As contemplated by the briefing schedule, on January 16, 2013, the Petitioners filed their Opening Brief in their bid for a review of the SEC’s conflict minerals rule. In their 198-page brief, the Petitioners (Business Roundtable, US Chamber of Commerce, and the National Association of Manufacturers) addressed each of the grounds for review that they described in their Statement of Issues filed on November 21, 2012.
The Petitioners argue that:
- The SEC failed to do the proper cost/benefit analysis of the rule and imposed the rule’s high cost of compliance without determining that the rule would provide the intended benefit.
- The SEC did not exercise appropriate agency judgment and acted arbitrarily when it imposed more stringent requirements and rejected less burdensome ones.
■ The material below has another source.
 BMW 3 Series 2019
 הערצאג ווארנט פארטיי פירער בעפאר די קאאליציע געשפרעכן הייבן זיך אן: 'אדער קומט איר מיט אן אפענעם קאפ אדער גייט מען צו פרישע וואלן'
- The SEC was wrong to conclude that it could not create a de minimis exception to the rule.
- The SEC required an unreasonably stringent “reasonable country of origin inquiry” when it provided that the rule covers conflict minerals that companies have “reason to believe… may have originated” in the covered countries.
- The SEC was wrong to extend the rule to those who contract with others for the manufacture of products.
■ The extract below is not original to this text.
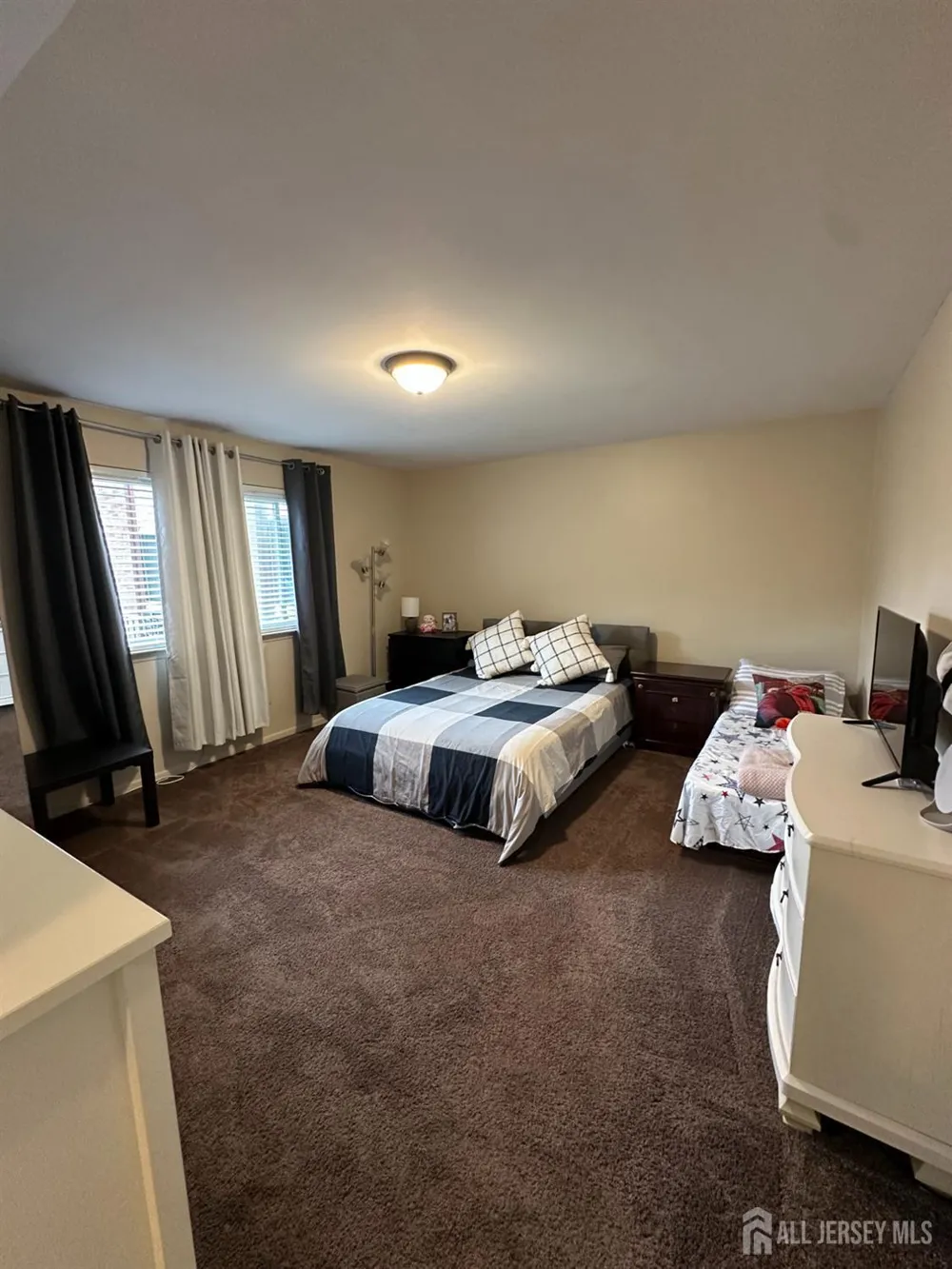 509 Cricket Lane Woodbridge Proper, NJ 07095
- The SEC acted arbitrarily when it included a shorter phase-in period for larger companies when they often depend on disclosure from smaller companies which are given a longer phase-in period.
- The Rule violates the First Amendment by compelling companies to make misleading and stigmatizing public statements indicating that their products contribute to human rights abuses.
The Petitioners are represented in this case by Sidley Austin. The SEC’s Brief is due on March 1st.